Los transportistas que actúan en el puerto de Castellón estiman que APM Terminals se esfuerza en ofrecer «una falsa sensación de voluntad de diálogo y de ser los salvadores del conflicto».

Frente a ello, Astraport estima que las esperas para acceder a la terminal son de un mímimo de dos horas, a las que hay que añadir hasta otras tres horas dentro de la instalación portuaria y señala que frente al dato ofrecido por la terminal de 400 contenedores diarios, la realidad, según sus registros, señala que se mueven 250 de media.
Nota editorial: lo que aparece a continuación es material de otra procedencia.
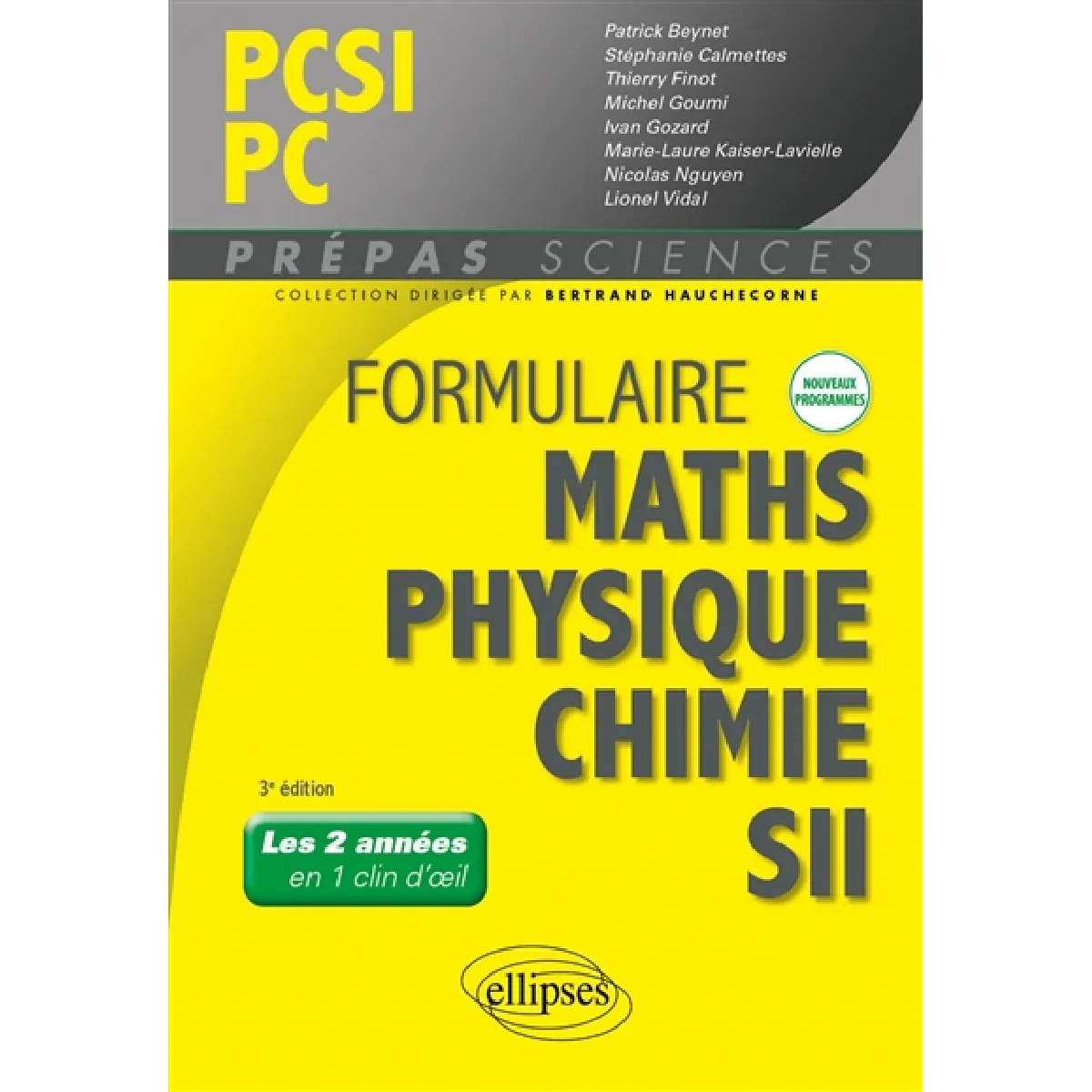 Formulaire maths, physique, chimie, SII : PCSI, PC : les 2 années en 1 clin d'oeil, nouveaux programmes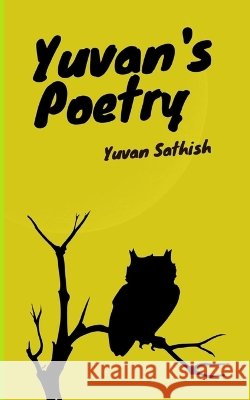 Yuvan's Poetry Yuvan Sathish 9789358368901
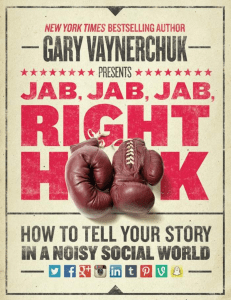 Jab, Jab, Jab, Right Hook: Estrat&eacute;gia de Marketing de M&iacute;dia Social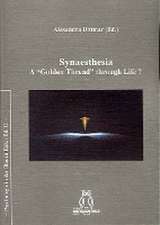 Synaesthesia. A 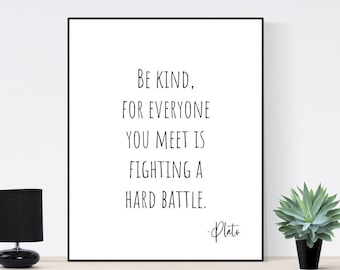 Be Kind, For Everyone You Meet Is Fighting A Hard Battle | Plato Quote | Inspirational | Art Print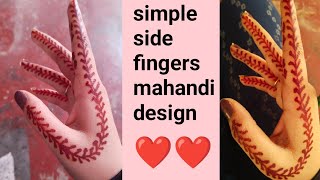 simple side fingers mahandi design ❤️easy mahandi design tutorial BpFashion79 [upl. by Charmane]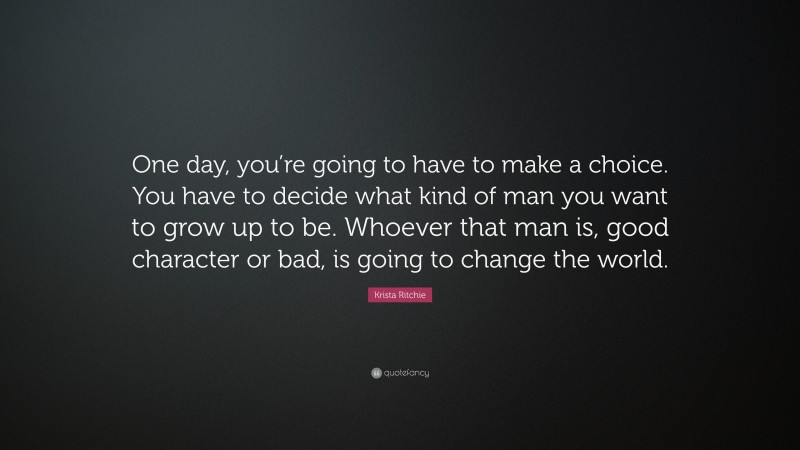 Krista Ritchie Quote: “One day, you’re going to have to make a choice. You have to decide what kind of man you want to grow up to be. Whoever that man is, good character or bad, is going to change the world.”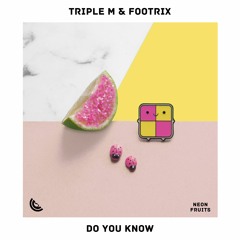 Triple M & FootriX - Do You Know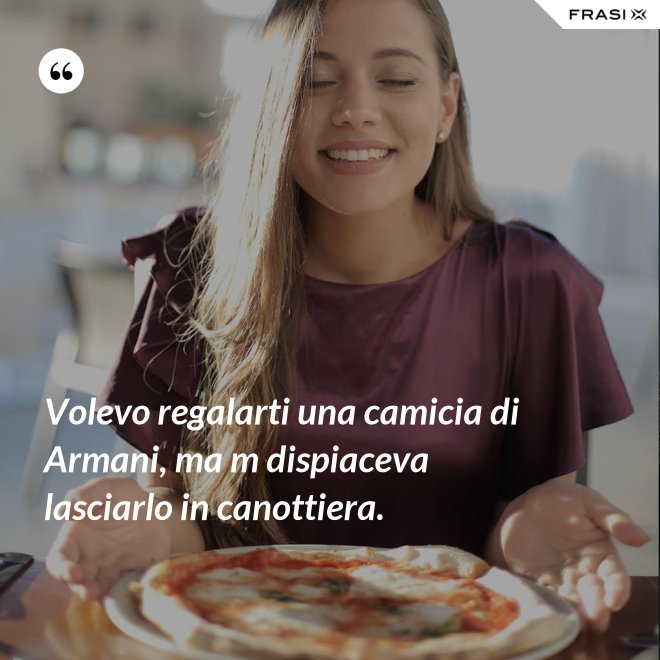 Volevo regalarti una camicia di Armani, ma m dispiaceva lasciarlo in canottiera. - Anonimo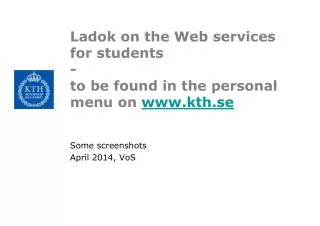 Ladok on the Web services for students - to be found in the personal menu on kth.se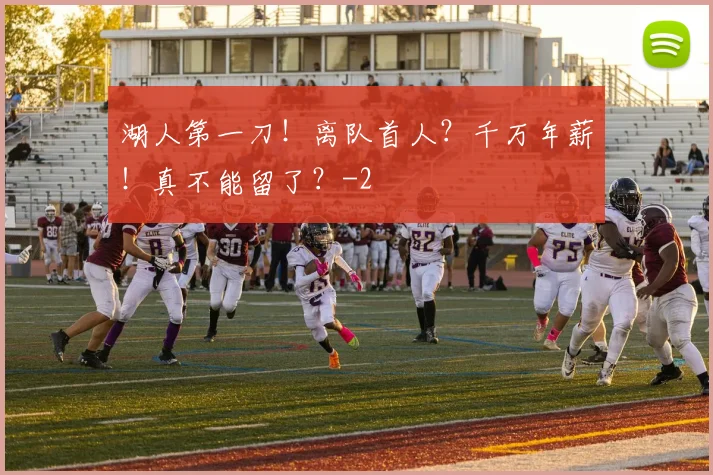 湖人第一刀！离队首人？千万年薪！真不能留了？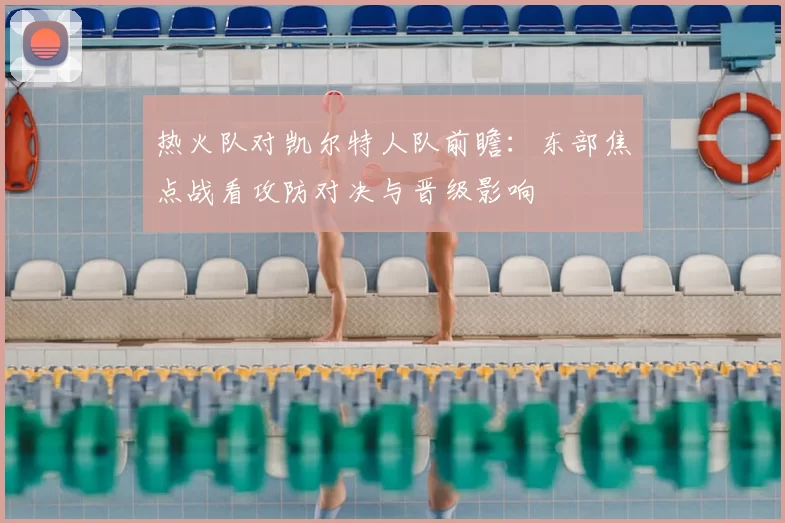 热火队对凯尔特人队前瞻：东部焦点战看攻防对决与晋级影响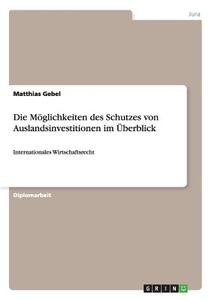 Die Möglichkeiten des Schutzes von Auslandsinvestitionen  im Überblick di Matthias Gebel edito da GRIN Publishing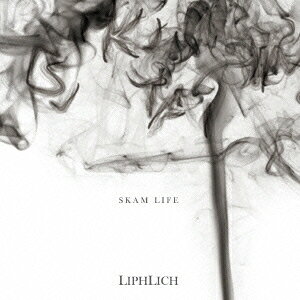 SKAM LIFE [ LIPHLICH ]
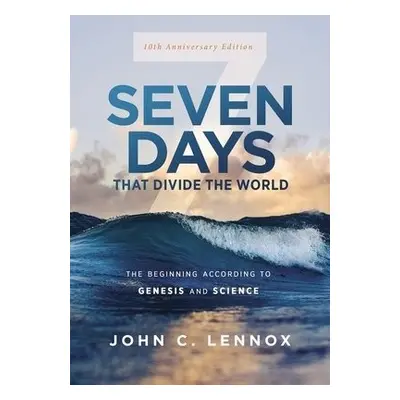 Seven Days that Divide the World, 10th Anniversary Edition - Lennox, John C.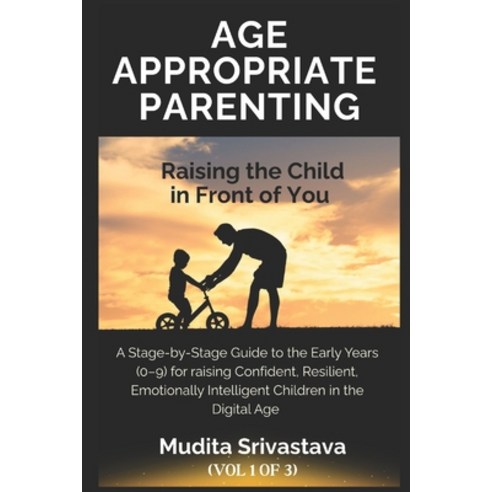 (영문도서)Age Appropriate Parenting: Raising the Child in Front of You: A Stage-by-Stage G... Paperback, Independently Published, English, 9798186774969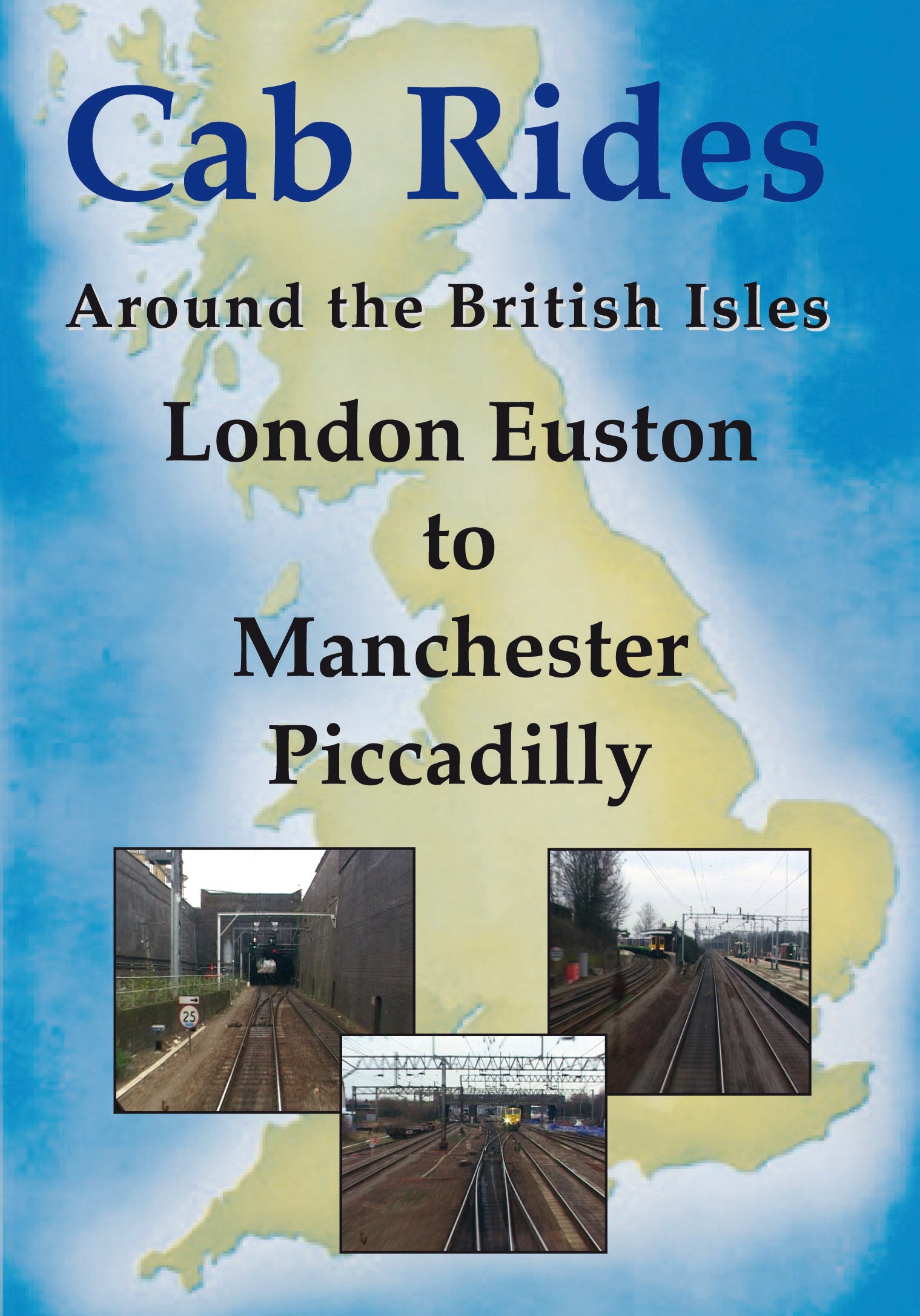 DVD Euston to Manchester Piccadilly Cab Ride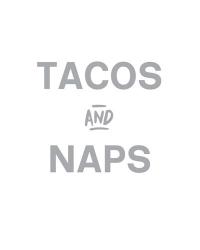 Tacos and Naps | Obraz na stenu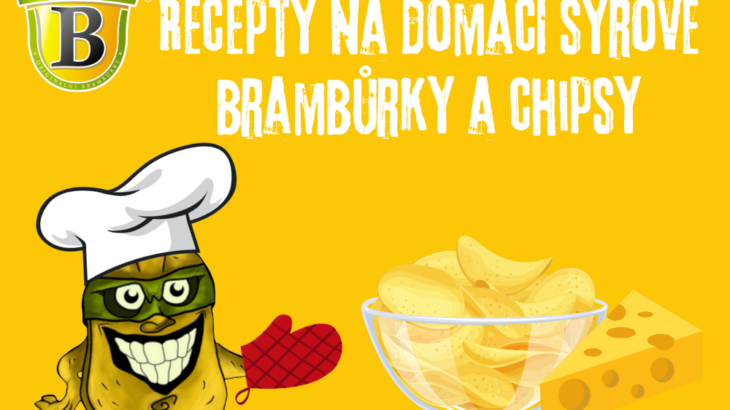 Recepty na domácí sýrové brambůrky a chipsy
Así pues, frente a la idea de que el conflicto se centra en el pago de las paralizaciones, los transportistas portuarios castellonenses indican que sus peticiones comprenden la instalación de dos cabinas de control de acceso permanentes, la contratación de personal cualificado y maquinaria suficiente para asumir el tráfico existente en la instalación y, además, la compensación de las paralizaciones de acuerdo con los términos establecidos en la LOTT.

De igual modo, la organización empresarial también indica que no comprende la «falta de soluciones activas desde la terminal» para hacer frente al reto logístico que supone la exportación de productos cerámicos, mientras que, al tiempo, compara la situación de la terminal Noatum con la de APM que, según señalan, «se encuentra cerrada por su ineficacia».

Finalmente, Astraport se muestra dispuesta a seguir negociando, siempre que su peticiones sean debatidas «de forma seria y sin paternalismos».